Retirement Plans include qualified or non-qualified employee benefit plans, such as 401(k), 403(b)(7), Keogh, pension, profit-sharing and other deferred compensation plans, whether established by corporations, partnerships, sole proprietorships, non-profit entities, trade or labor unions, or state and local governments, but do not include IRAs (including, without limitation, traditional IRAs, Roth IRAs, Coverdell Education Savings Accounts, IRA "Rollover Accounts" or IRAs set up under Simplified Employee Pension Plans (SEP-IRAs), Salary Reduction Simplified Employee Pension Plans (SARSEPs) or Savings Incentive Match Plans for Employees (SIMPLE IRAs)).

Tax Information

The fund's distributions are taxable as ordinary income or capital gains, except when your investment is through an IRA, Retirement Plan or other U.S. tax-advantaged investment plan (in which case you may be taxed upon withdrawal of your investment from such account).

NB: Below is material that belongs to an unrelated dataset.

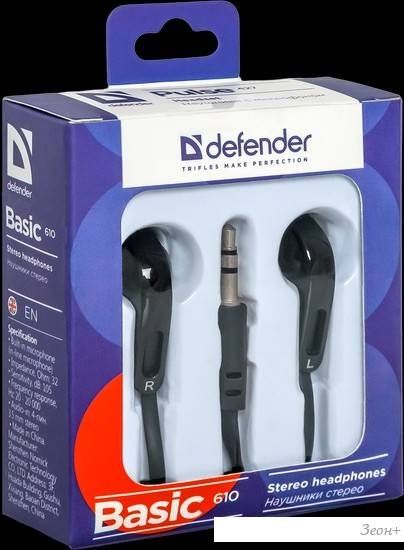 Наушники Defender Basic 610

Payments to Broker-Dealers and Other Financial Intermediaries

If you purchase shares through a broker-dealer or other financial intermediary (such as a bank), the fund's distributor and its related companies may pay the intermediary for the sale of fund shares and related services. To the extent that the intermediary may receive lesser or no payments in connection with the sale of other investments, the payments from the fund's distributor and its related companies may create a potential conflict of interest by influencing the broker-dealer or other intermediary and your financial representative to recommend the fund over the other investments. This potential conflict of interest may be addressed by policies, procedures or practices adopted by the financial intermediary. As there may be many different policies, procedures or practices adopted by different intermediaries to address the manner in which compensation is earned through the sale of investments or the provision of related services, the compensation rates and other payment arrangements that may apply to a financial intermediary and its representatives may vary by intermediary. Ask your financial representative or visit your financial intermediary's website for more information.

This prospectus does not constitute an offer or solicitation in any state or jurisdiction in which, or to any person to whom, such offering or solicitation may not lawfully be made.